» **Task item**:
Leaving out every picture, copy the lines of the material below exactly, from the line containing "Masina metalica, New" through the line containing "végzést kért ellene".

» **Input for this task**:

━━━━

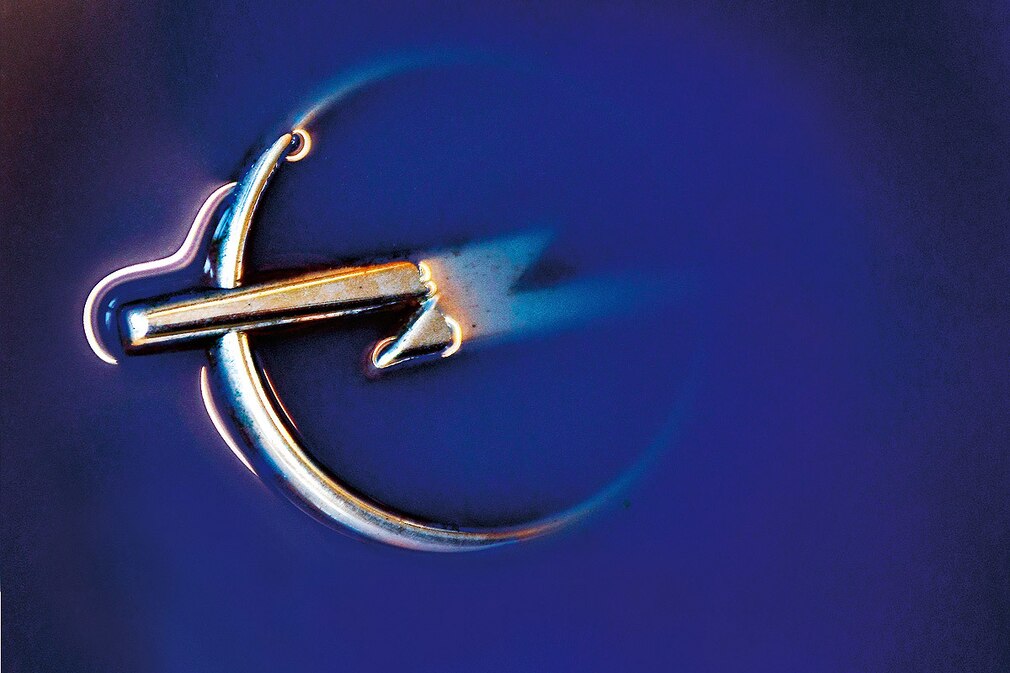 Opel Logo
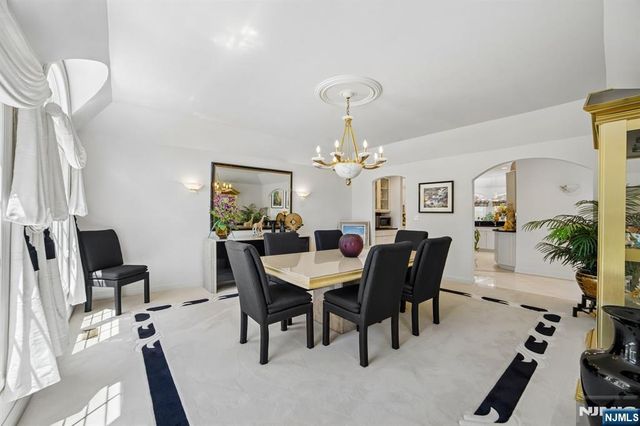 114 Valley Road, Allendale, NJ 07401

━━━━

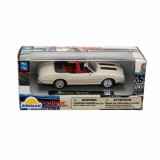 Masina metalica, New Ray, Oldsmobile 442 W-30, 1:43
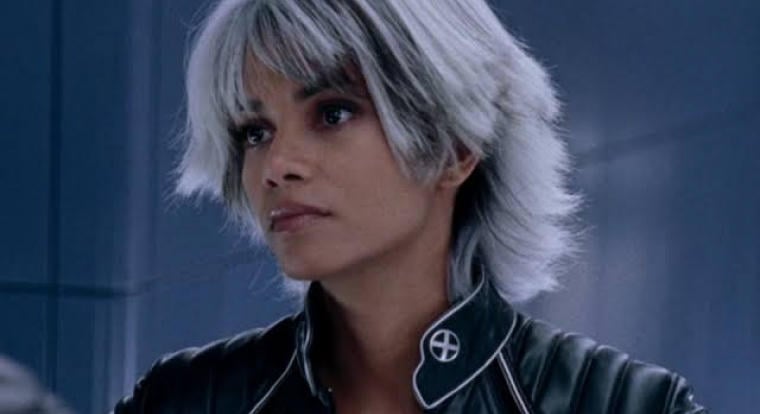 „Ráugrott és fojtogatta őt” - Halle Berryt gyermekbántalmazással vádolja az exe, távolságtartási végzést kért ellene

━━━━

» **Solution to the problem**:
 Masina metalica, New Ray, Oldsmobile 442 W-30, 1:43
 „Ráugrott és fojtogatta őt” - Halle Berryt gyermekbántalmazással vádolja az exe, távolságtartási végzést kért ellene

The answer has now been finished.